Sorry your life has come to this....

She was willing to sleep with you during the 'problem' because she was thinking of the other guy (sorry). Actually pretty common dynamics when someone is wrapped up in an EA. The attention she was receiving from him made her feel good about herself and aroused her, and since he wasn't there you filled in. 

But now....he is out of the picture, and for her it's back to the same old same old. That probably depresses her, for a bit she felt hot and wanted, and now she thinks she will never feel that again.

Maybe try some marriage counseling and also get the three year old out of your bed.


----------



## PhillyGuy13 (Nov 29, 2013)

You may want to ask to move this to "coping with infidelity" section. A moderator can do that for you if you send them a message - amplexor, deejo, coffee amore.

It sounds like the other man dumped her, got cold feet, didn't want to leave his wife/family, just wanted some a$$ on the side.

She's now returned home to you -- her Plan B -- and isn't happy her champagne dreams and cavier wishes didn't work out.

Questions for you - did you do any investigation into the depth of her affair?
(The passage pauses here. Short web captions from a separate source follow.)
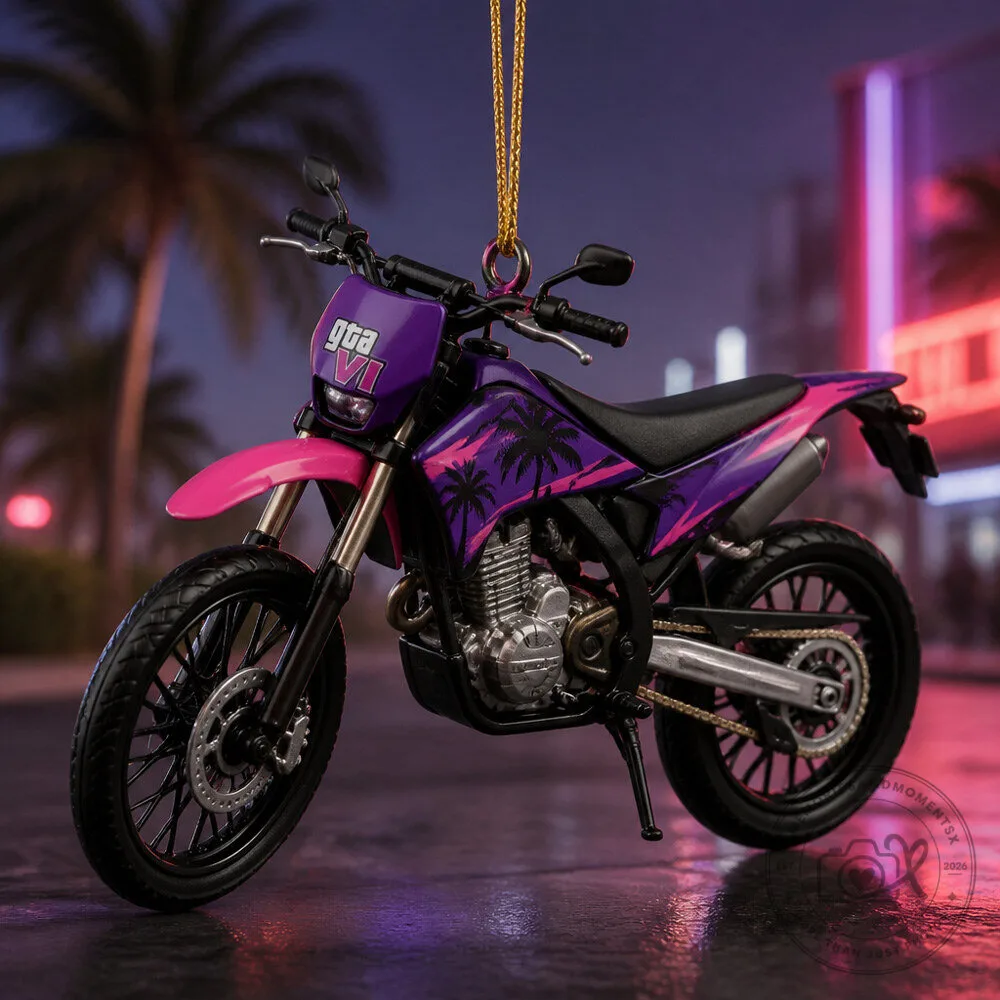 GTA 6 Motorcycle Christmas Ornament 3D Bike Collectible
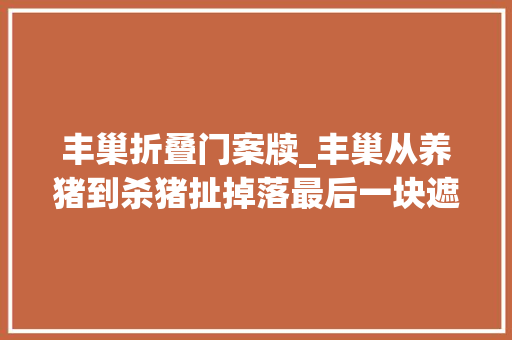 丰巢折叠门案牍_丰巢从养猪到杀猪扯掉落最后一块遮羞布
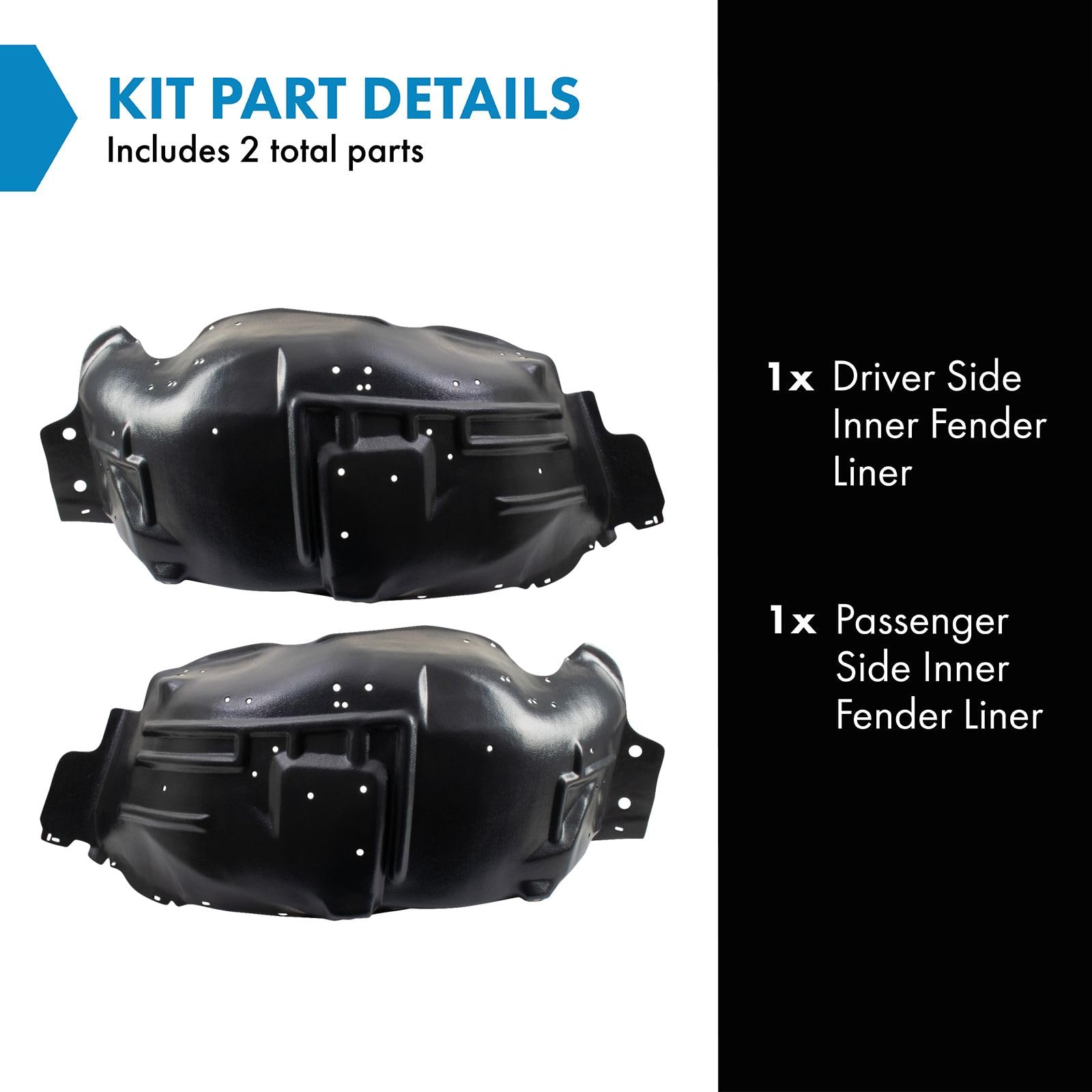 Trq Inner Fender Liner Set Compatible With 1987-1997 Ford F-150 Fo1246104 Fo1247104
Was she given any consequences or was the whole situation swept under the rug? Are you happy she has returned home? Because here is the thing. If she wasn't given any consequences and you are letting her dictate the situation, then she has actually lost respect for you. Which means it's just a matter of time until the next meathead comes along and catches your wife's eye.
_Posted via Mobile Device_


----------



## rustytheboyrobot (Nov 20, 2013)

Here's some advice for you right now. You are in what is called reconciliation. This rarely works but sometimes it does. I'm glad you're here now.

If you are going to create love again then several things need to happen. You need to start spending an absolute minimum of 15 hours a week together. That means no kids, no tv, no movies, none of that. This is time you spend together. Studies have shown that this is the minimum amount of time to create love again.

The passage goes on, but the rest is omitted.